-- DATA TO USE follows --

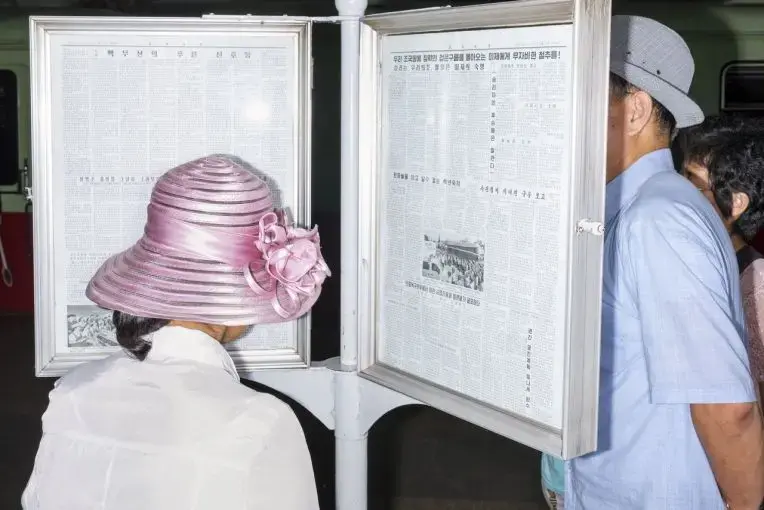 Commuters reading the official newspaper on a Pyongyang Metro platform. Commuters reading the official newspaper on a Pyongyang Metro platform.
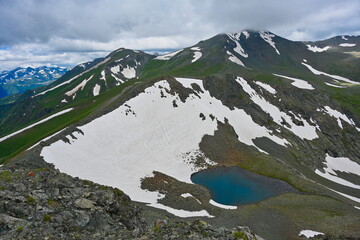 Snow on the mountain slopes at the Arkhyz Pass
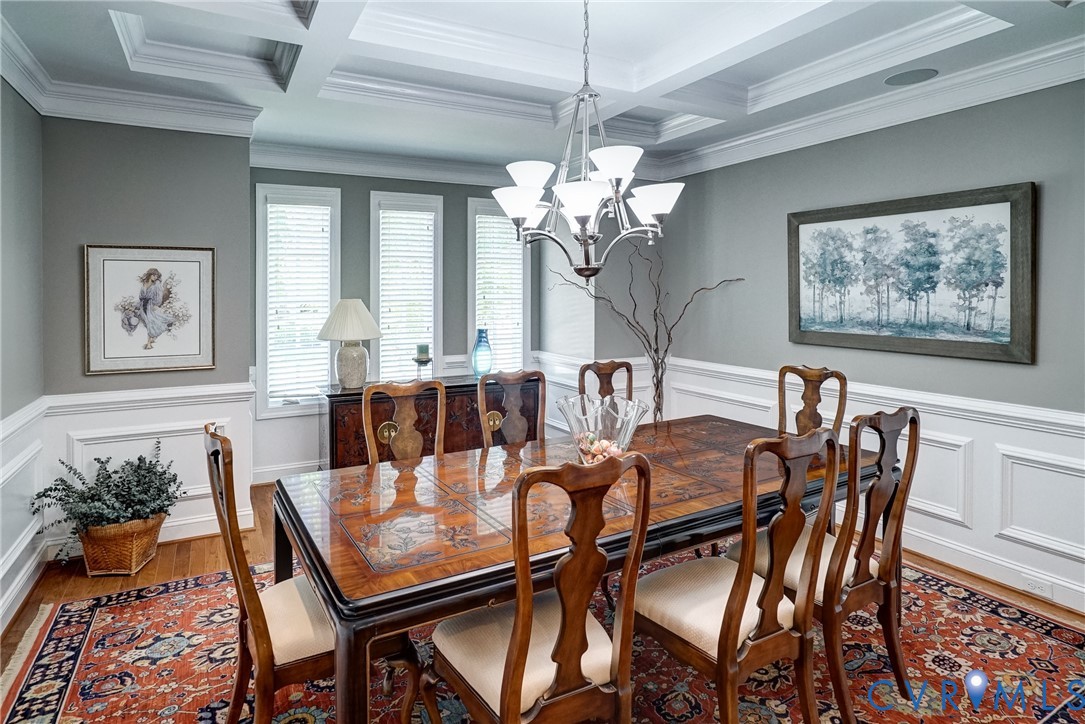 Coffered ceiling with a suspended chandelier, wood-finish flooring, wainscoting, and multiple windows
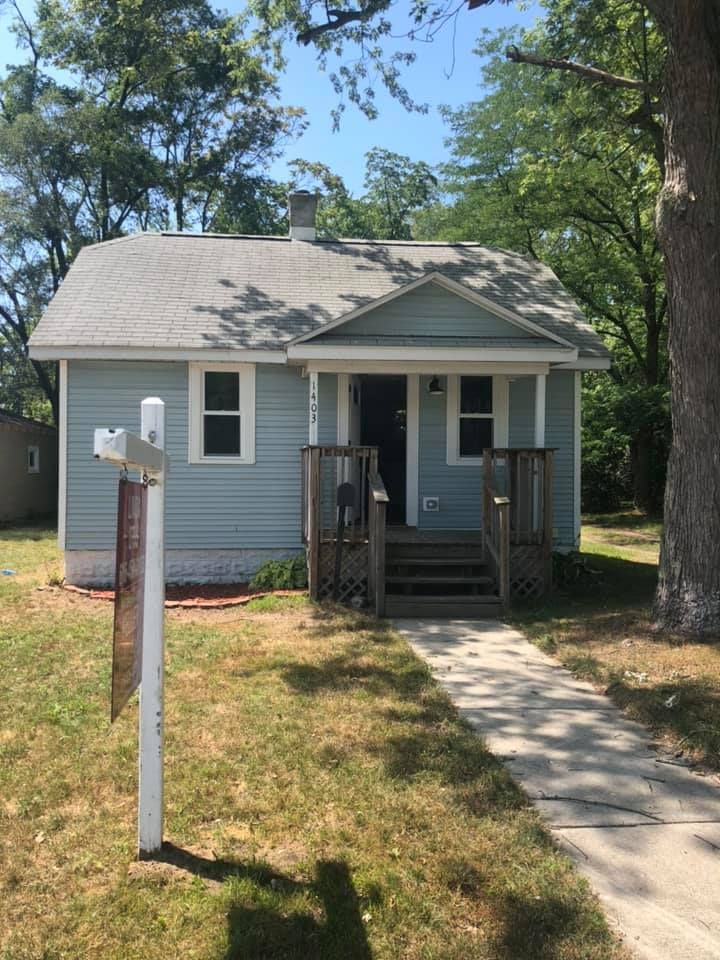 Small blue house with a front porch, steps, and a mailbox by a sidewalk in a sunny yard.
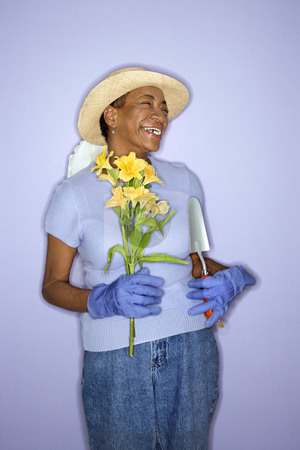 To use this stock image in your creative project, please select the size you need over to the right and click the "Add to Cart" button.
Your downloaded image will come with the Cutcaster watermark removed so don’t worry about the watermark you see on this page. Happy gardener woman. stock photo, African American mature adult female with hand shovel and flowers. by Iofoto Images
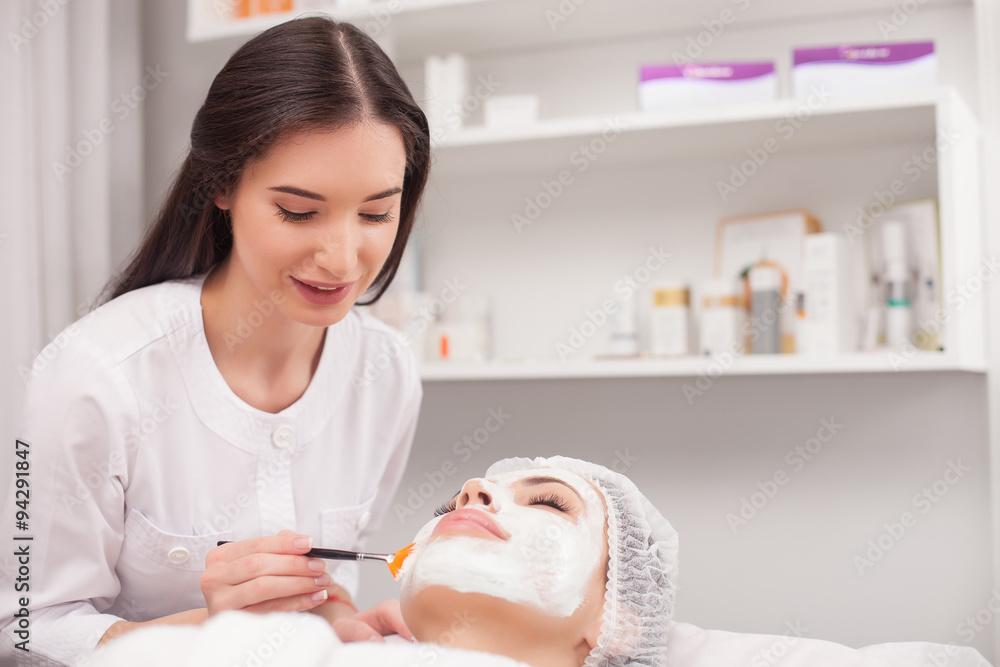 Cheerful expert beautician is serving her customer Cheerful expert beautician is serving her customer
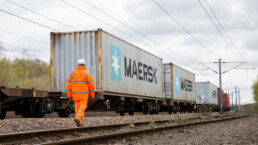 A rail worker walks behind a train car hauling freight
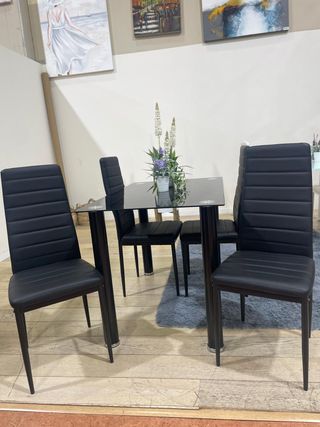 Conjunto comedor cristal y 4 sillas negras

-- DATA TO USE concluded --

▶ TASK GOAL: To complete the exercise, return the listing above exactly and omit its pictures.

▶ OUTPUT OF THE TASK:
 Commuters reading the official newspaper on a Pyongyang Metro platform. Commuters reading the official newspaper on a Pyongyang Metro platform.
 Snow on the mountain slopes at the Arkhyz Pass
 Coffered ceiling with a suspended chandelier, wood-finish flooring, wainscoting, and multiple windows
 Small blue house with a front porch, steps, and a mailbox by a sidewalk in a sunny yard.
 To use this stock image in your creative project, please select the size you need over to the right and click the "Add to Cart" button.
Your downloaded image will come with the Cutcaster watermark removed so don’t worry about the watermark you see on this page. Happy gardener woman. stock photo, African American mature adult female with hand shovel and flowers. by Iofoto Images
 Cheerful expert beautician is serving her customer Cheerful expert beautician is serving her customer
 A rail worker walks behind a train car hauling freight
 Conjunto comedor cristal y 4 sillas negras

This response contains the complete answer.